O casamento está marcado para o final do ano, mas aparentemente todos os detalhes precisam ser decididos agora, antes mesmo de abril começar. O local já está reservado — um dos chalés da família Vinhedo, fora da cidade —, a decoração já foi escolhida, o buffet praticamente todo definido. Porém as coisas mais difíceis estão tendo que ser decididas só agora. O tipo do bolo é, se já não deu para perceber, uma delas.
— Qual bolo você gostou mais, Lola? — minha mãe pergunta, largando o catálogo sobre a mesa em que estamos e levando todo o seu foco para a menininha a meu lado, seu rosto todo lambuzado de glacê.
— Gostei daquele com cobertura de frutas vermelhas, mamãe Gina.

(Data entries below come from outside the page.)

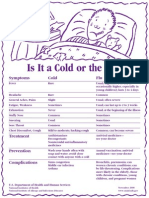 Isitacoldortheflu?: Symptoms Cold Flu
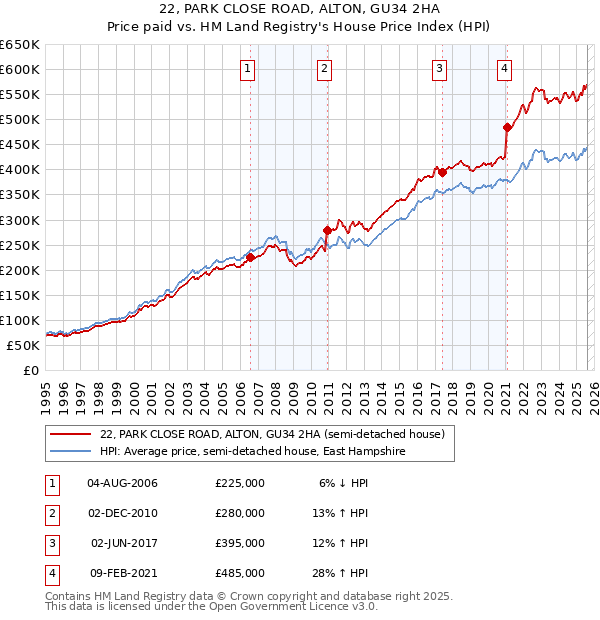 22, PARK CLOSE ROAD, ALTON, GU34 2HA: Price paid vs HM Land Registry's House Price Index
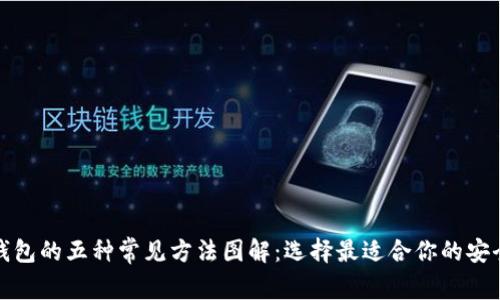 加密钱包的五种常见方法图解：选择最适合你的安全方案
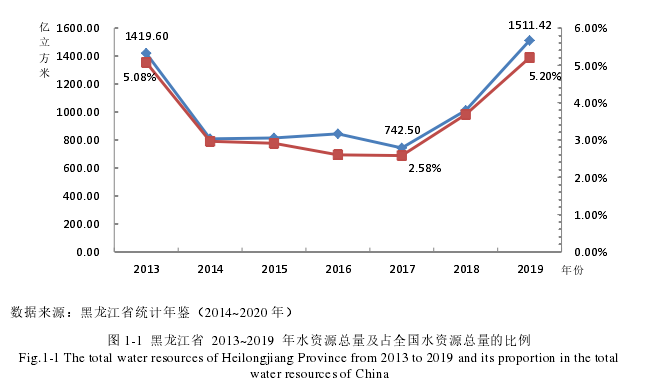 表 1-1 黑龙江省 2013~2019 年各地区的水资源总量(单位:亿立方米)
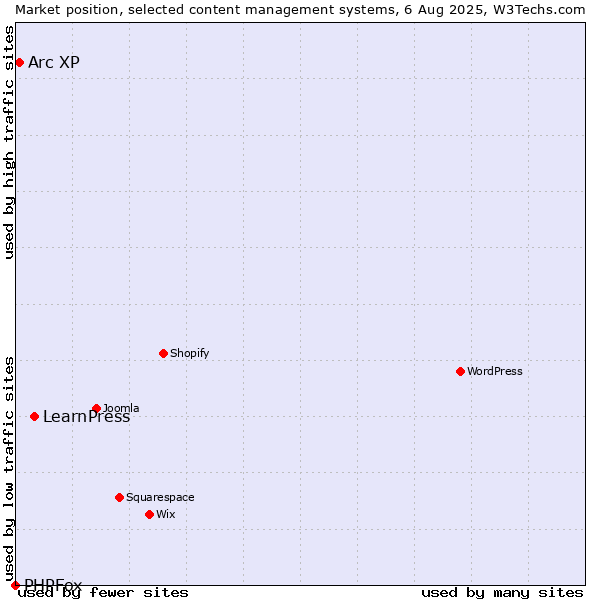 Market position of LearnPress vs. Arc XP vs. PHPFox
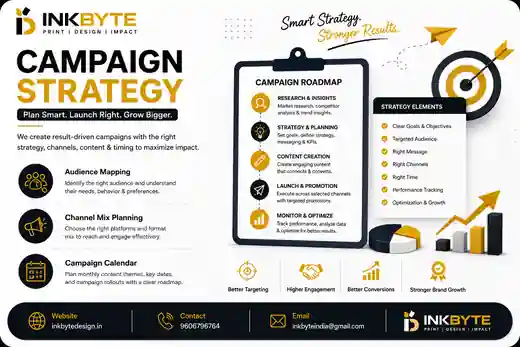 InkByte campaign strategy service overview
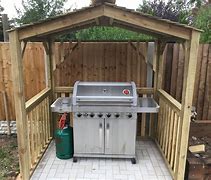 Image result for How to Build a BBQ Shelter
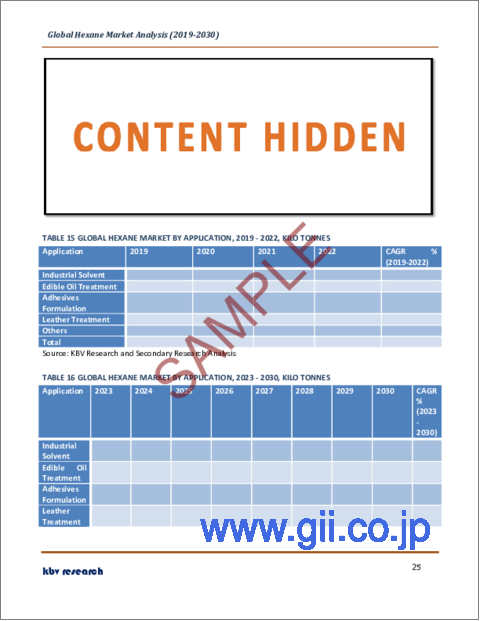 サンプル2：ヘキサンの世界市場規模、シェア、産業動向分析レポート：グレード別、用途別、地域別展望と予測、2023年～2030年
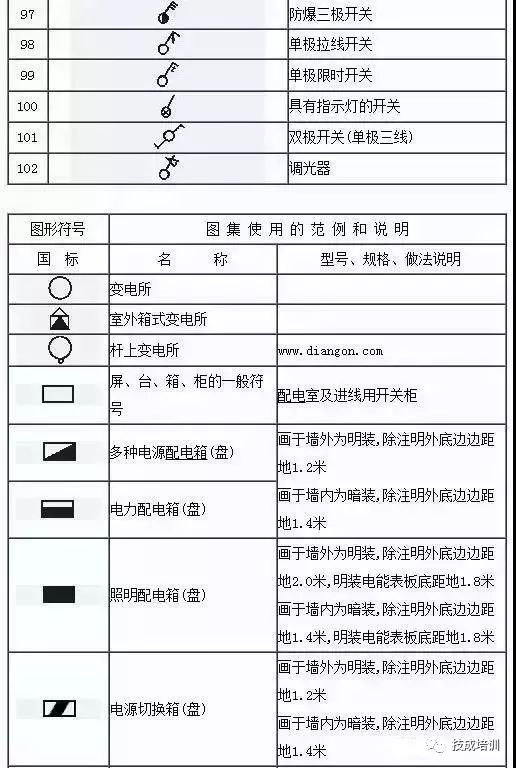 这份电气工程图形符号大全赶快收藏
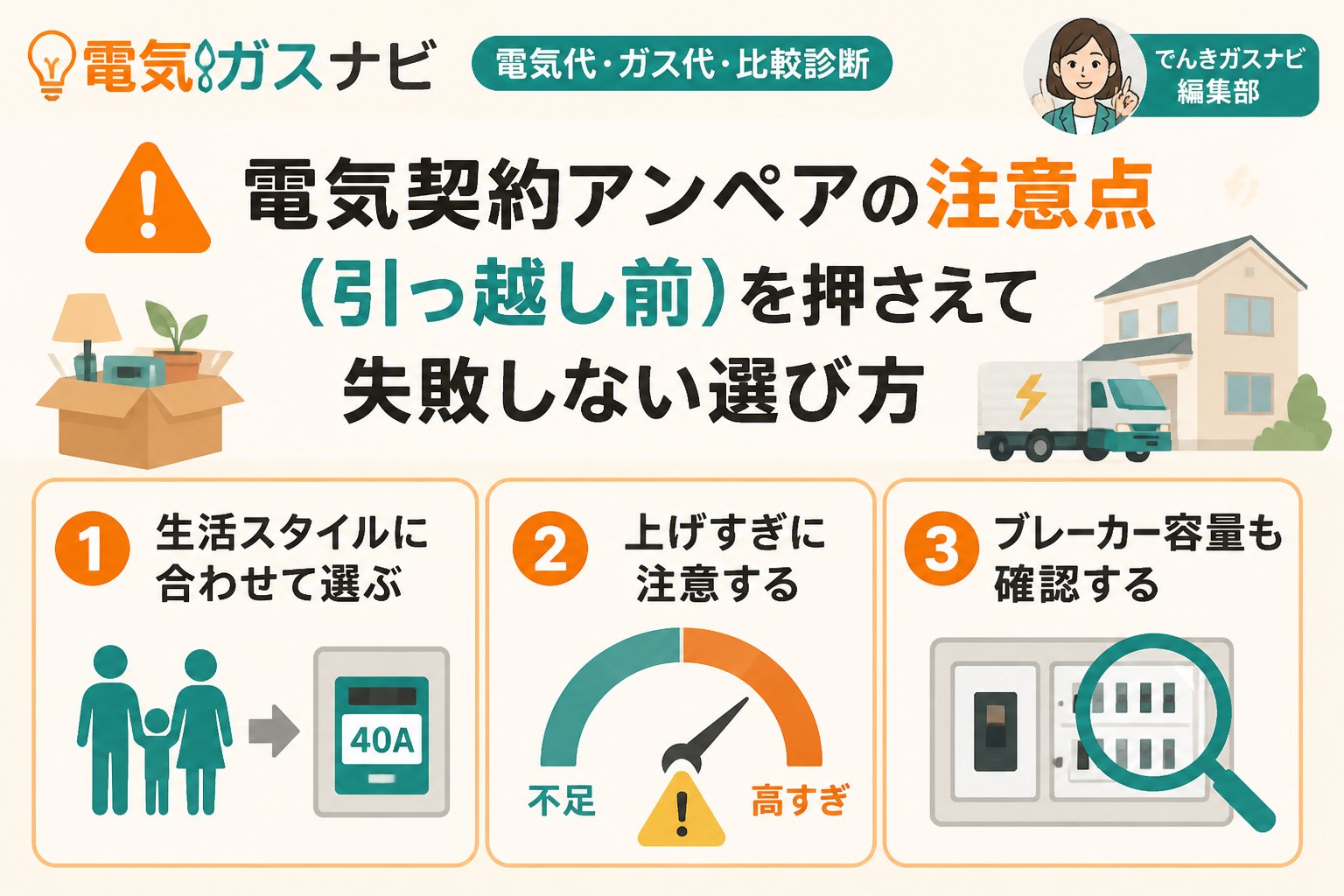 新電力 電気契約アンペアの注意点(引っ越し前)を押さえて失敗しない選び方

Reviro os olhos. Odeio quando ela chama a minha mãe de abre aspas mamãe fecha aspas. Mas nem é só isso. Que criança de quatro anos sabe o que são frutas vermelhas? Eu com quatro anos amava bolos de chocolate, e acho que esse era possivelmente o único sabor de bolo que eu conhecia na época. Não gosto de realidades onde crianças de quatro anos preferem bolos com cobertura de frutas vermelhas e não bolos de chocolate. Ou de limão, porque, sinceramente, ele ganha de lavada.